Jesus Cristo, Verbo de Deus está a caminho em busca de uma nova Belém. Ele quer nascer também num coração egoísta e fechado para torná-lo mais altruísta e compassivo. Para isso, o coração terá que estar aberto para deixar o Senhor entrar: “Eis que estou à porta e bato; se alguém ouvir minha voz e abrir a porta, eu entrarei na sua casa e tomaremos a refeição, eu com ele e ele comigo”(Ap 3,20). Ele quer continuar a nascer nos corações aquecidos pelo amor. Ele quer nascer em seu lar, em suas conversas, num aperto de mão, pedindo e oferecendo o perdão. Ele quer nascer naquela amizade que há tempo você rompeu violentamente por um gesto insignificante e irracional. Ele quer nascer naquela pessoa que morreu no seu coração por uma briga de ponto de vista, esquecendo que cada ponto de vista é apenas vista de um ponto. Ele quer nascer na mulher que você iludiu e enganou e no homem que você explorou sem remorso. Desde que você seja capaz de escutar a Palavra de Deus e pô-la em prática, você também será a mãe de Jesus que faz nascer o Cristo no mundo e na convivência com os outros, e será irmão e irmã de todos com quem convive e trabalha. Se você abrir seu coração para Jesus que está em busca da nova Belém, você será um eterno Natal para todos.


3. O Verbo Se Fez Carne E Habitou (Acampou)Entre Nós


A encarnação faz Deus habitar/morar entre nós. A presença de Deus é um dos grandes temas da Bíblia. Um termo preciso designa a morada de Deus na história: a shekinah de Javé. A proximidade de Deus é uma convicção profunda do povo israelita e motivo de permanente ação de graças(cf. Dt 4,7). “Fazer uma morada” evoca importantes ecos do AT. Este tema aparece em Ex 25,8-9, onde se ordena a Israel fazer uma tenda(o tabernáculo) para que Deus possa morar no meio de seu povo. O tabernáculo se converte num ponto em que se localiza a presença de Deus sobre a terra.

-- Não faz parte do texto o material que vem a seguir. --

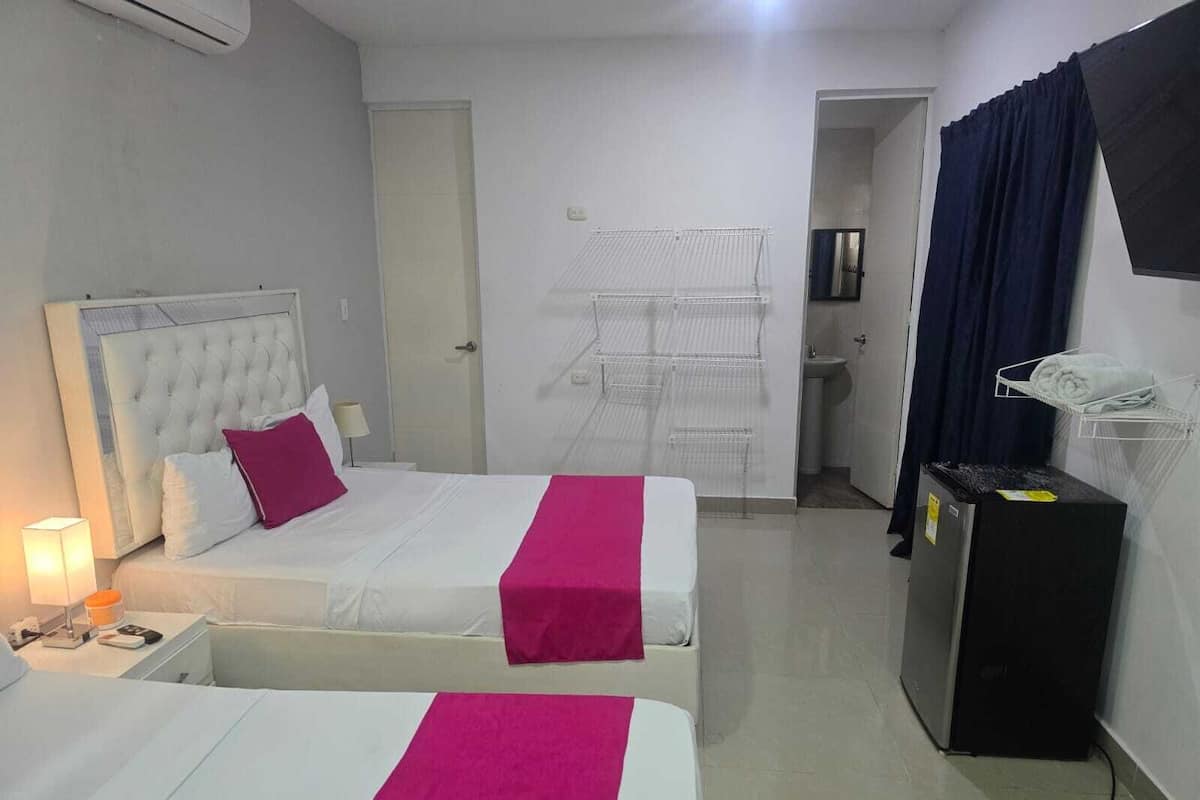 基础四人房 | 特色家居、笔记本电脑工作区、熨斗/熨板、免费 WiFi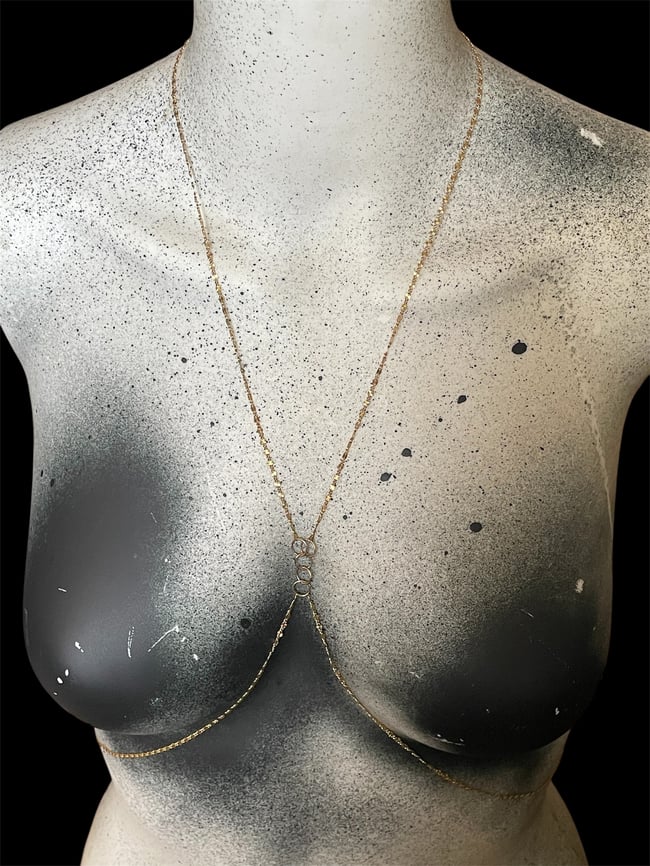 Interlock body chain 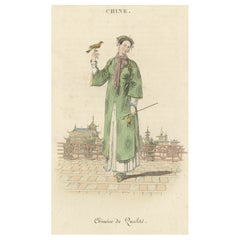 Ancienne estampe chinoise représentant une femme tenant un oiseau devant une pagode en Chine, vers 1820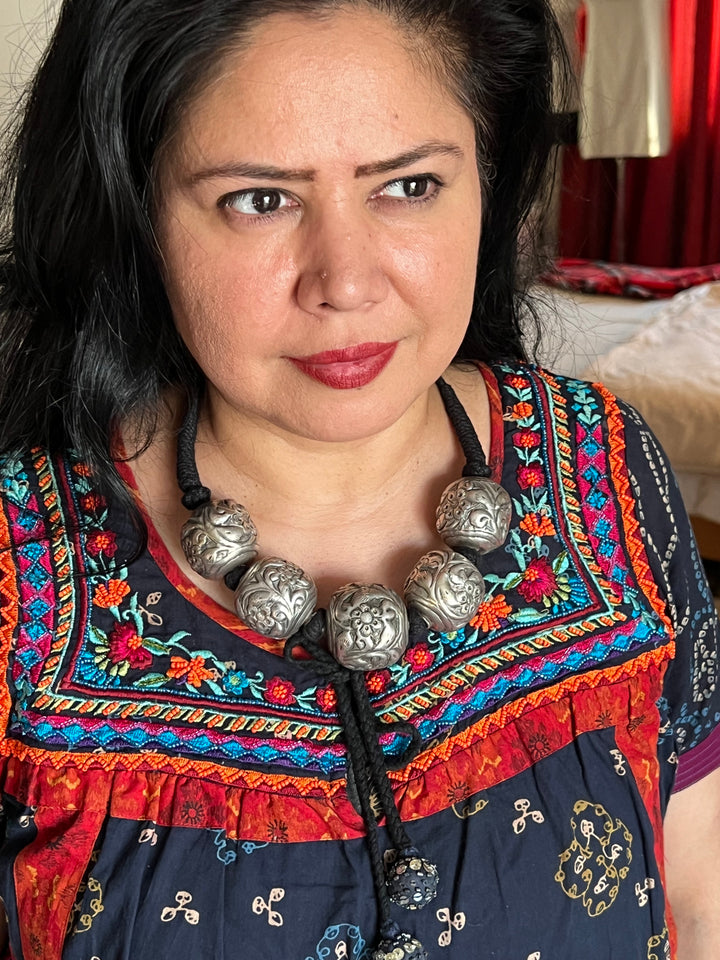 Antique Necklace - Elevate Your Elegance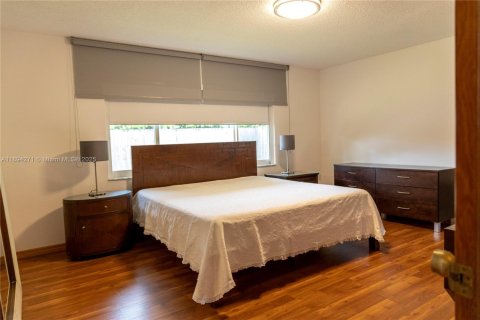 Villa ou maison à louer à Miami, Floride: 4 chambres, 168.06 m2 № 1946083 - photo 16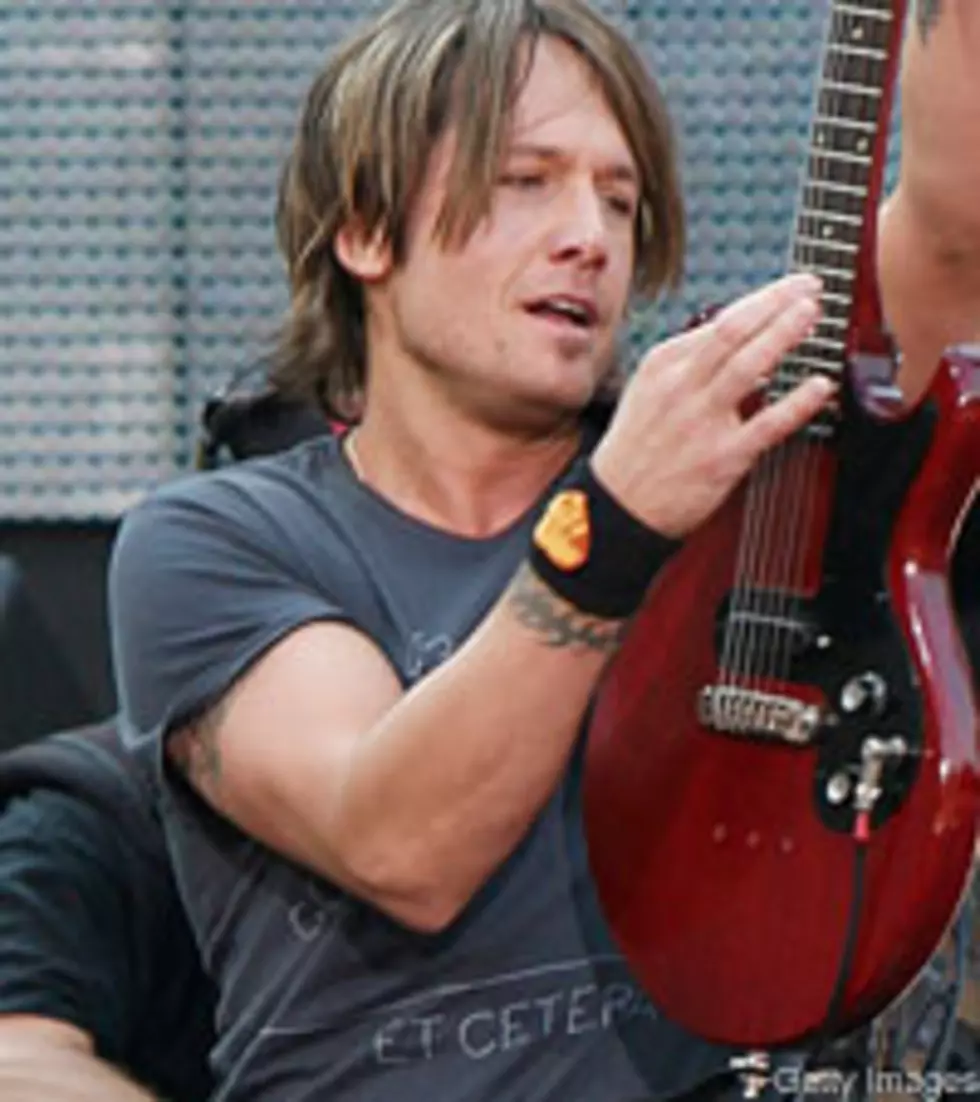 Keith Urban Takes Concert Cues From Kenny Chesney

A habitação de Deus na história atinge a plenitude na Encarnação do Verbo. O evangelista Mateus a enfatiza de outra forma ao considerar o Verbo encarnado como o Emanuel, o “Deus conosco”(cf. Mt 1,23;18,20;28,20. Cf. Is 7,1). “Ele veio até a sua própria terra”(Jo 1,11), “se fez carne”(Jo 1,14) são expressões que manifestam essa entrada de Deus na história. “Carne” na linguagem bíblica significa o ser humano, às vezes com uma nuança de debilidade. Isto quer dizer que o Verbo entrou na história, assumiu a condição humana(menos o pecado): “Sendo rico, fez-se pobre por vós”(2Cor 8,9). Quando o prólogo proclama que “o Verbo se fez carne e habitou entre nós” isto quer dizer que Jesus Cristo é o novo lugar da presença de Deus na terra e que Jesus veio substituir o antigo tabernáculo. Mais tarde o mesmo evangelho enfatizará novamente que Jesus substitui o templo(cf. Jo 2,19-22).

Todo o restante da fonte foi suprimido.